= Tetrasaccharide =

Polysaccharide with four sugar units

Chemical structure of stachyose

A tetrasaccharide is a carbohydrate which gives upon hydrolysis four molecules of the same or different monosaccharides. For example, stachyose upon hydrolysis gives one molecule each of glucose and fructose and two molecules of galactose. The general formula of a tetrasaccharide is typically C_{24}H_{42}O_{21}.

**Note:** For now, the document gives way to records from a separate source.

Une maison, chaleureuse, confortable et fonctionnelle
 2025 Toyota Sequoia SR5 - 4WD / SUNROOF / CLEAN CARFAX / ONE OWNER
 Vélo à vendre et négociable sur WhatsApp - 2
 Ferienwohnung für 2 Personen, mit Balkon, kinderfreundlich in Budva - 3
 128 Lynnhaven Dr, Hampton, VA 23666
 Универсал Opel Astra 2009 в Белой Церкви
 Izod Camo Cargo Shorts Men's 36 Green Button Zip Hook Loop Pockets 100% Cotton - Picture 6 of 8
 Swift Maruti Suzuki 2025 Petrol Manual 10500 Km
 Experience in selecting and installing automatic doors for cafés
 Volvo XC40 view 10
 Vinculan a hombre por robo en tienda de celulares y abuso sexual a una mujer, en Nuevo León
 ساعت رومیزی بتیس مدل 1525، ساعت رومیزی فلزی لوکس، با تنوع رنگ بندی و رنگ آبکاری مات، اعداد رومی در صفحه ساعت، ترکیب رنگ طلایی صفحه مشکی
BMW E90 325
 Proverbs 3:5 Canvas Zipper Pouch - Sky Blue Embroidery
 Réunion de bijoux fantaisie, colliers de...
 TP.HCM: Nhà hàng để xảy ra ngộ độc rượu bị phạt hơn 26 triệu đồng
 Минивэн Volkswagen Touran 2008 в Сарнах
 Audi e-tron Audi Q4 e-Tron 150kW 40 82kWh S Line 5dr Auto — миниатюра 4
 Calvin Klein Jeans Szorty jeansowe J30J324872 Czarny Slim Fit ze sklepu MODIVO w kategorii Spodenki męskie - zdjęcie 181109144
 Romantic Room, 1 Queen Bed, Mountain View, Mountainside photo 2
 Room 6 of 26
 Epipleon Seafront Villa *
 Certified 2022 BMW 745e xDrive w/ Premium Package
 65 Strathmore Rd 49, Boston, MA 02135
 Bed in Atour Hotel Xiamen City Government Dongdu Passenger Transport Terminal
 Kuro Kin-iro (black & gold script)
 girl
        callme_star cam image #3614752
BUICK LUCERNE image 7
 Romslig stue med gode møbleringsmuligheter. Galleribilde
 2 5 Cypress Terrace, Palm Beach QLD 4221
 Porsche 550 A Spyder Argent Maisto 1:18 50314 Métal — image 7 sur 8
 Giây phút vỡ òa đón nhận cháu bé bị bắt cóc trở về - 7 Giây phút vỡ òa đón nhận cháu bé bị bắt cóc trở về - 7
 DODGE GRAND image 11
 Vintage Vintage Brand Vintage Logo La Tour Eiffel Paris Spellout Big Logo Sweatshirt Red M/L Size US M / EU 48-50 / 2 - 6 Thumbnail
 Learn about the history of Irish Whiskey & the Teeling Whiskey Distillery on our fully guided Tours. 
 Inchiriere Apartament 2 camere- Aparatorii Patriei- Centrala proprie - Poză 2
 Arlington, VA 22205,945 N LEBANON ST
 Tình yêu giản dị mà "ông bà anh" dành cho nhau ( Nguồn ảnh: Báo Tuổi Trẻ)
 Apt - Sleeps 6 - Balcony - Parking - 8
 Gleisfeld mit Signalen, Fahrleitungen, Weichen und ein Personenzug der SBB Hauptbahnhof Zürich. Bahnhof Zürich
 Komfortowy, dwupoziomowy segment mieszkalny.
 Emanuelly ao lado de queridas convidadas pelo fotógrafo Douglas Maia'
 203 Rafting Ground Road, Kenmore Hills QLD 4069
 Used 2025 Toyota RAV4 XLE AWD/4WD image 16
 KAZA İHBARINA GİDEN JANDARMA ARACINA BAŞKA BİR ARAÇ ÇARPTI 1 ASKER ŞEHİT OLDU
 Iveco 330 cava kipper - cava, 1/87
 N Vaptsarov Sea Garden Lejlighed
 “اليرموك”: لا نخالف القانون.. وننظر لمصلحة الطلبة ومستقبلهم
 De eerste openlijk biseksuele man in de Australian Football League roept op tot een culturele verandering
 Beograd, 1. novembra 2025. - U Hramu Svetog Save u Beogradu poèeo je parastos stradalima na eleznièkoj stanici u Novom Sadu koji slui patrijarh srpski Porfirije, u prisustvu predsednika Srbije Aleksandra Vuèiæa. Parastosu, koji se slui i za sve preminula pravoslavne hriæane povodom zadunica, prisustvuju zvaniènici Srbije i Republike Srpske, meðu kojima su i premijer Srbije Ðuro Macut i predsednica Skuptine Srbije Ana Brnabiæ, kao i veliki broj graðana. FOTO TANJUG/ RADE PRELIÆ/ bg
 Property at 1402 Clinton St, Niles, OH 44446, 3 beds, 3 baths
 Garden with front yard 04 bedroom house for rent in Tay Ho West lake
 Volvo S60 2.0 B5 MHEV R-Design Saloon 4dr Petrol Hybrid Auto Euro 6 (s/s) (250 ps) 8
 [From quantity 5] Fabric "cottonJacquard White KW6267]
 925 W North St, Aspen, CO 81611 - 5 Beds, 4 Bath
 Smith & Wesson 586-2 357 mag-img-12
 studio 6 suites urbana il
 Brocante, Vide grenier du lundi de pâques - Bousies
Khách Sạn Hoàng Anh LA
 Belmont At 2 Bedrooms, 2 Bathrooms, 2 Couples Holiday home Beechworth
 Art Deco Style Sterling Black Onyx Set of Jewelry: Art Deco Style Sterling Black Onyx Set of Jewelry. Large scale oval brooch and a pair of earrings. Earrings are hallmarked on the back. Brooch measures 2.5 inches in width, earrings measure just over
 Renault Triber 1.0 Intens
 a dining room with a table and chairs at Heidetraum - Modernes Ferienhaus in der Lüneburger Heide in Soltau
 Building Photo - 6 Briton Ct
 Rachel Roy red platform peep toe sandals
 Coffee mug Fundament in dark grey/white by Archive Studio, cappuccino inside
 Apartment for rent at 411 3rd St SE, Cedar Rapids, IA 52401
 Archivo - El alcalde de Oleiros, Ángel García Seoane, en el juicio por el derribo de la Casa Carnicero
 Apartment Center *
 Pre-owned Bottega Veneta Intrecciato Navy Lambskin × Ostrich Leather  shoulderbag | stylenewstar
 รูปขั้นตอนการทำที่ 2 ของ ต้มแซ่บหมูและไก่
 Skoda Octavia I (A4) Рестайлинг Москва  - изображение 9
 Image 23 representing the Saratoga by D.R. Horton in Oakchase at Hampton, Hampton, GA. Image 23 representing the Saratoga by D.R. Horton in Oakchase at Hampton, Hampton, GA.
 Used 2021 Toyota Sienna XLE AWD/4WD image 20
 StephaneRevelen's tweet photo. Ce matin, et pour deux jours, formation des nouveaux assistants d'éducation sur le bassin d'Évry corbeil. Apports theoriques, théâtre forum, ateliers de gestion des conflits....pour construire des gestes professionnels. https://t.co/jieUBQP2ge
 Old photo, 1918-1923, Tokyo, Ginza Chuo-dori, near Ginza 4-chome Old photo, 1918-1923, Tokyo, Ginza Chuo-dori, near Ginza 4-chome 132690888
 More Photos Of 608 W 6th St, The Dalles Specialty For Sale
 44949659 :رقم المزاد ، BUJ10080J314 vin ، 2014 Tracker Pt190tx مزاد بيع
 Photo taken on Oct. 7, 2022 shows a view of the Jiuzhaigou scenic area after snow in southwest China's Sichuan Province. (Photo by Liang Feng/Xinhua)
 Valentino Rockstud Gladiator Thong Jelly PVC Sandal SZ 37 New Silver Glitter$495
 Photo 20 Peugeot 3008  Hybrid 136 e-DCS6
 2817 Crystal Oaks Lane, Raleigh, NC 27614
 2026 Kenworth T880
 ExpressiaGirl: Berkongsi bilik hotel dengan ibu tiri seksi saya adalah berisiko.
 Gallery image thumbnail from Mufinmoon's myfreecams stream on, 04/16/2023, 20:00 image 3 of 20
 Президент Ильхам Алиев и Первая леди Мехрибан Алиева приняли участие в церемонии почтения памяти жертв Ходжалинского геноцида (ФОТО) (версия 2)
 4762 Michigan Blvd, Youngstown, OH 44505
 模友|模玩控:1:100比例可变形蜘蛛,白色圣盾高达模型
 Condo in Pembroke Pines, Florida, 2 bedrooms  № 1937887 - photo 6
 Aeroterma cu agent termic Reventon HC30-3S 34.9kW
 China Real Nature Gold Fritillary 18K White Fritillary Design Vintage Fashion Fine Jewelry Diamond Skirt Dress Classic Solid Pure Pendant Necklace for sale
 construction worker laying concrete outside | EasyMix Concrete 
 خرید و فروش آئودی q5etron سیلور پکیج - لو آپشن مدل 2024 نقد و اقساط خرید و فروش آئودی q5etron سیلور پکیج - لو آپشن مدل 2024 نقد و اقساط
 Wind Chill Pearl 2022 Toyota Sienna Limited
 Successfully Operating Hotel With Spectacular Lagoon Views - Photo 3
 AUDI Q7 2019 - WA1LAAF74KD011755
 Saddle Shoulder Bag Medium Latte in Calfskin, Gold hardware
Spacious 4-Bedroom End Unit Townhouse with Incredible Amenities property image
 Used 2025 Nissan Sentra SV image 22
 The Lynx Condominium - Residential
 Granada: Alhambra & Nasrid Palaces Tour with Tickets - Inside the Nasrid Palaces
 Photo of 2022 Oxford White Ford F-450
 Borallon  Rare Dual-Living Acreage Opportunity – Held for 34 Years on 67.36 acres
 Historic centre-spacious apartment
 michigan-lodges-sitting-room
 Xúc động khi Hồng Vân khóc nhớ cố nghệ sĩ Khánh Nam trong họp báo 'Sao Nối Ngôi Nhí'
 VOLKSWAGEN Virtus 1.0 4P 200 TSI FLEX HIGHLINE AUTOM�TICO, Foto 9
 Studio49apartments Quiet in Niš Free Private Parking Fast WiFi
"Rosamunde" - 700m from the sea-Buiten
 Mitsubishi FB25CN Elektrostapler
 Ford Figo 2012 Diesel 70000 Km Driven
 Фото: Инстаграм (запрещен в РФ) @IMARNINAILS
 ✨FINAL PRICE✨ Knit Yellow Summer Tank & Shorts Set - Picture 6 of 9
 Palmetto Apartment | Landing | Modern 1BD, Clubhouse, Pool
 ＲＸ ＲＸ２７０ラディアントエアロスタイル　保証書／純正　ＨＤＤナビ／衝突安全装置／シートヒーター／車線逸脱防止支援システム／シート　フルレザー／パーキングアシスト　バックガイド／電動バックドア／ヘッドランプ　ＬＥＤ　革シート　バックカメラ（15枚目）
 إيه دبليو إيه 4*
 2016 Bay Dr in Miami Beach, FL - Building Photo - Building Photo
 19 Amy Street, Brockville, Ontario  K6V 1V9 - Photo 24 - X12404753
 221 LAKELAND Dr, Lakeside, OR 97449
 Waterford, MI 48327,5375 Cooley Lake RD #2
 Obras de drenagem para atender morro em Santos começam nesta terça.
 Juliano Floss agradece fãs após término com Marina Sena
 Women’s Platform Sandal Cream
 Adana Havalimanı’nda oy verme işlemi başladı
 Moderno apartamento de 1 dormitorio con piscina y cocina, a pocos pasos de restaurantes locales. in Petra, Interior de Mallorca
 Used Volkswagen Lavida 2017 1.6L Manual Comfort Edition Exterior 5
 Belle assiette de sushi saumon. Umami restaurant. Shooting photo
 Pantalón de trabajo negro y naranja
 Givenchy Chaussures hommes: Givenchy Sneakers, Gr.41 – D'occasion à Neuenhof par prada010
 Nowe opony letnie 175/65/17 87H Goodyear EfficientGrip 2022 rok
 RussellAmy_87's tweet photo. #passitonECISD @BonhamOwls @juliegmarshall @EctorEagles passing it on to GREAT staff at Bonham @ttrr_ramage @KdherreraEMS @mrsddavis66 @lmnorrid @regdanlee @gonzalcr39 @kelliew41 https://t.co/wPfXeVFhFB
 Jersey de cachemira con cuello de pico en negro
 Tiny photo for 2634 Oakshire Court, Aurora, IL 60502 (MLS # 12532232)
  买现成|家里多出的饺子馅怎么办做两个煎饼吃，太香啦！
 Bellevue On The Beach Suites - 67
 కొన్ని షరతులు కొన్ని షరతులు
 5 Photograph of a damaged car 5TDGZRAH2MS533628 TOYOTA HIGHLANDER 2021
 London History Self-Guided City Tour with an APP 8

Structure and occurrence of tetrasaccharides
| Name | chemical compound | function/occur |
|---|---|---|
| Lychnose (1-α-Galactosyl-raffinose) | O-α-D-Galp-(1→6)-O-α-D-Glup-(1→2)-O-β-D-Fruf-(1→1)-O-α-D-Galp |  |
| Maltotetraose | O-α-D-Glcp-(1→4)-O-α-D-Glcp-(1→4)-O-α-D-Glcp-(1→4)-D-Glcp | in Starchsyrup |
| Nigerotetraose | O-α-D-Glcp-(1→3)-O-α-D-Glcp-(1→3)-O-α-D-Glcp-(1→3)-D-Glcp |  |
| Nystose (β-D-Fructosyl-1-kestose) | O-α-D-Glcp-(1→2)-β-D-Fruf-(1→2)-β-D-Fruf-(1→2)-β-D-Fruf |  |
| Sesamose | O-α-D-Galp-(1→6)-O-α-D-Galp-(1→6)-O-β-D-Fruf-(2→1)-O-α-D-Glcp |  |
| Stachyose | O-α-D-Galp-(1→6)-O-α-D-Galp-(1→6)-O-α-D-Glcp-(1→2)-β-D-Fruf | widespread in plants (artichoke, soybean) |

In addition to free tetrasaccharides, the term tetrasaccharide is often used to describe subunits or bioconjugates. Thus, tetrasaccharide groups appended to red blood cells are responsible for blood types. A repeating modified tetrasaccharide (gal-gal-gal-raf) comprises gellan.